IPERBOREA INSERISCE il paese nel suo catalogo presentando il notevole Come tessere di un domino di Zigmunds Skujinš (traduzione e postfazione di Margherita Carbonaro, pp. 364, euro 18,50). Si tratta di un romanzo uscito nel 1999, in cui lo scrittore lettone, acclamato bestseller nel suo paese e tradotto in varie lingue, racconta la storia della sua terra attraverso una vicenda paradossale e una cronaca realistica, che si fondono nel continuo pendolarismo delle epoche. «Vi sembra che il Diciottesimo secolo sia ormai un lontano passato? Ma è possibile che la maniglia di questa porta sia stata toccata da qualcuno che ha conosciuto di persona Voltaire, il marchese de Sade, Robespierre o Diderot?».
L’autore inizia così la sua narrazione che continuamente gioca con tempi e piani: siamo in un Settecento provinciale e sonnacchioso, ma la guerra zarista contro l’Impero Ottomano, anche se si svolge a migliaia di chilometri, lascia segni profondi sulla vita delle persone. La baronessa Waltraute von Brüggen appartiene al fiore della nobiltà di Livonia, ossessionata dalla scomparsa del marito, disperso nel conflitto, si rivolge a un mago. Niente meno che Cagliostro è in tour in quelle terre; a lei nel corso di una cerimonia misterica si rivolge per avere notizie del suo amato. Il responso è inquietante e enigmatico: egli vive eppure no. Il gioco delle tracce la porterà a una scoperta sorprendente: una palla di cannone ha fatto a pezzi due ufficiali, e un chirurgo, dotato di poteri occulti, ha messo insieme le metà restanti di due uomini, creando un nuovo essere, che prima rifiuta e a cui poi si arrende.

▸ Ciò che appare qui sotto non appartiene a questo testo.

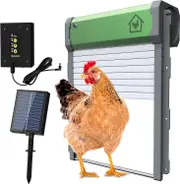 Automatic Chicken Coop Door, Solar Powered Chicken Door with Timer & Light Sensor, Full Aluminum Auto Chicken Door with 4 Modes, Poultry Coop Door wit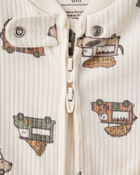 Baby Boy Truck Print Cotton Long-Sleeve Sleep & Play - Ivory, image 2 of 4 slides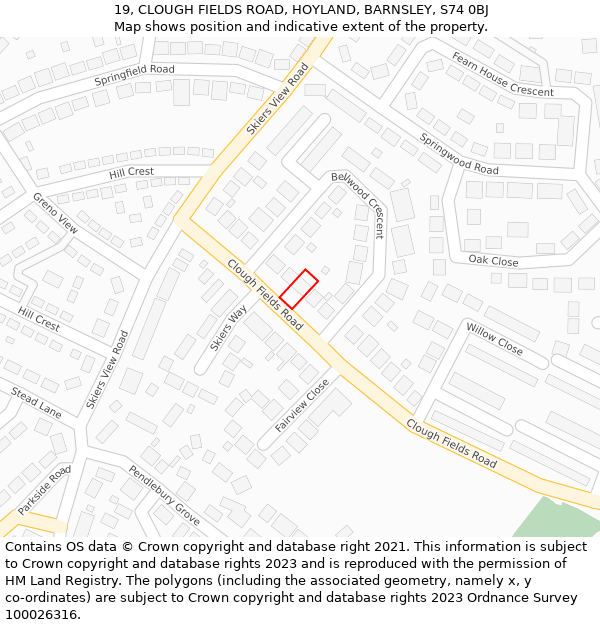 19, CLOUGH FIELDS ROAD, HOYLAND, BARNSLEY, S74 0BJ: Location map and indicative extent of plot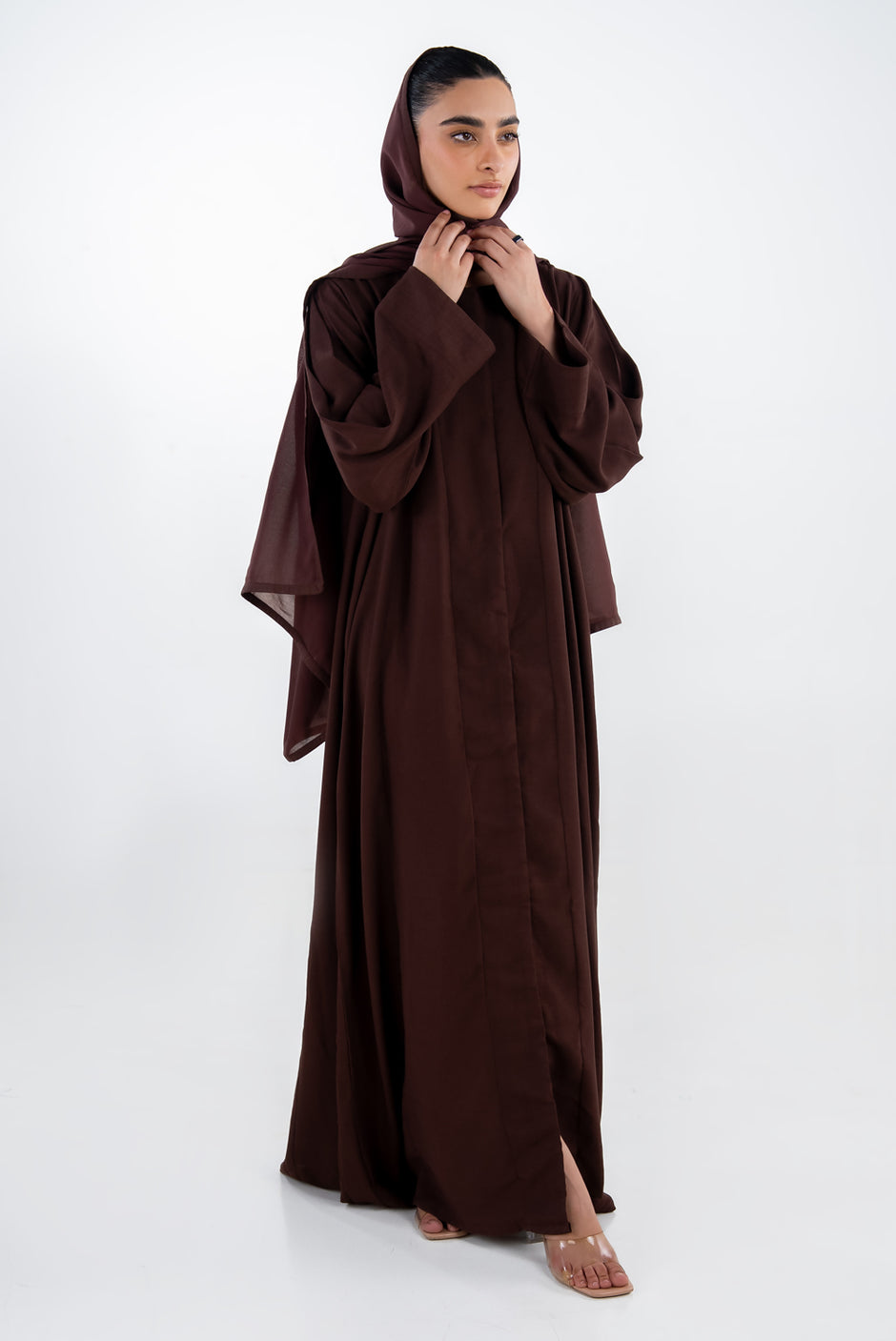 Georgette Slub Abaya With Scarf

L’AVVENTURA FILOSOFICA settecentesca, in cui la protagonista accetta, dopo un primo rifiuto violento, la realtà paradossale che le si offre, si incrocia con la cronaca dell’abbandono del paese da parte dei tedeschi, alla volta del Reich. L’identità, che prima non era così cogente, diventa l’argomento principale: le persone si affannano a creare alberi genealogici per dimostrare dove sia la loro patria. Eppure, fino a un anno prima: «era normale che le nazionalità fossero mescolate», in un intreccio complicatissimo di destini. Skujinš tiene in equilibrio con grazia una sequenza di vicende che sono paradossali sia sul versante fantastico, che in quello del racconto dell’epoca turbata della Seconda Guerra Mondiale, siglando un efficace e sfaccettato racconto filosofico sull’identità e i suoi miti.